Wild strawberry, Fragaria vesca

Wild strawberry thrives in open habitats that get plenty of sunlight. In the past, naturally grazed lands and slash-and-burn agriculture provided wild strawberries with plenty of hospitable habitats. Unfortunately, as their habitats became increasingly scarce wild strawberries became more and more of a rarity.


Both the berries and leaves of wild strawberries are edible. The intense and exquisite taste of wild strawberries should be familiar to many, and make it the noblest of all the natural berries. Wild strawberries are best used fresh, because heating makes them bitter. In early summer, the young leaves can be used in tea or added to salads.

Something to try

Make a rough purée of the wild strawberries and drizzle a small amount of honey over them.
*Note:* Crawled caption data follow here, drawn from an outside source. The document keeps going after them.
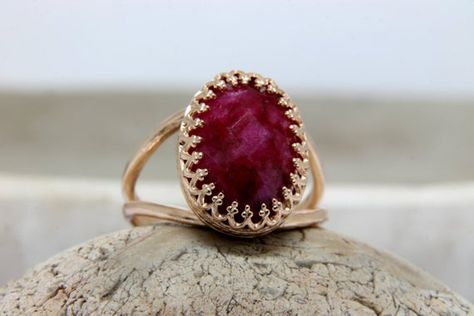 Ruby Ring Designs, Stone Ring Design, Gold Finger Rings, Birthday Sale, Gold Pearl Jewelry, Oval Cut Ring, Gold Jewelry Simple Necklace, Precious Rings, Red Jade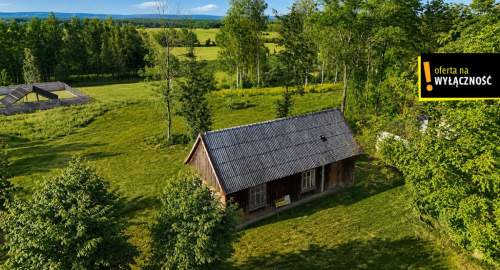Dom z duszą z bala sosnowego w wiejskim zaciszu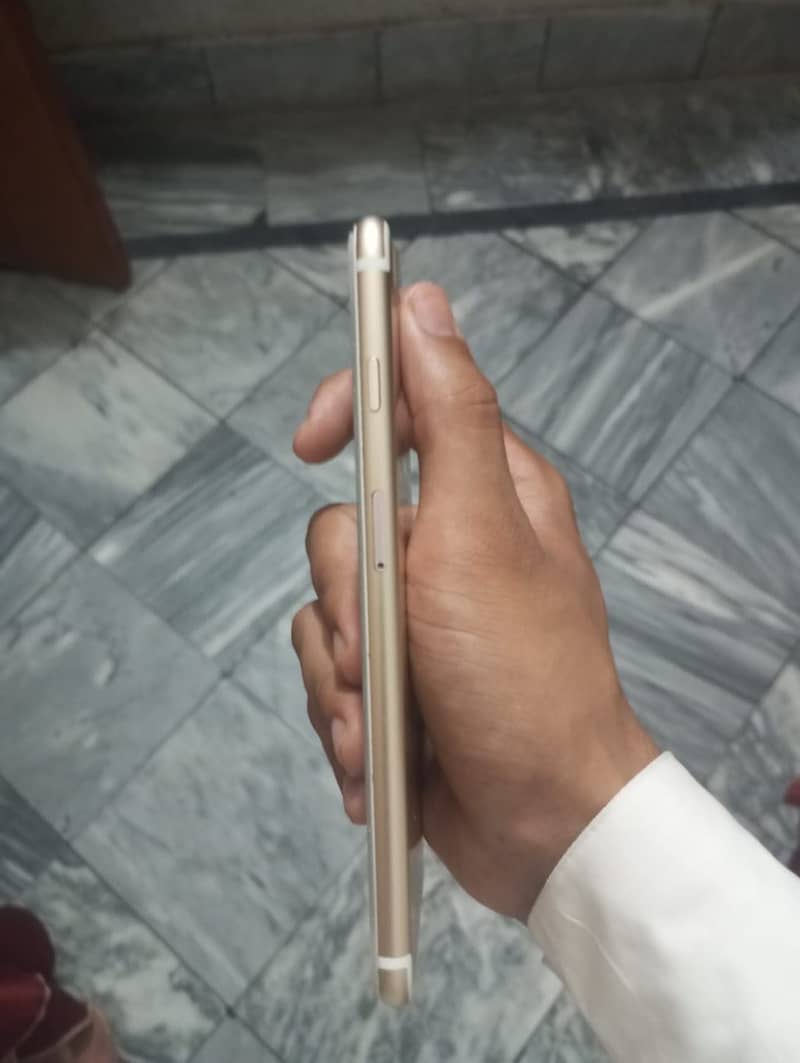 Apple iPhone 7 Plus 2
This makes a great accompaniment to cheeses, for example, or with smoked salmon. For another savoury treat, add some finely chopped red onion and melon chunks to the purée.

Gathering the plants

Wild strawberry is the first of the wild berries to ripen, and is at its very best when picked in mid-July. The leaves should be picked in the early summer, because by late summer they have often been damaged by insects.

Other interesting facts

In the 19th and 20th centuries, wild strawberries were economically important to Finland. They were widely sold in markets, and had many culinary uses.


For small children in particular, eating wild strawberries can cause an allergic rash or fever.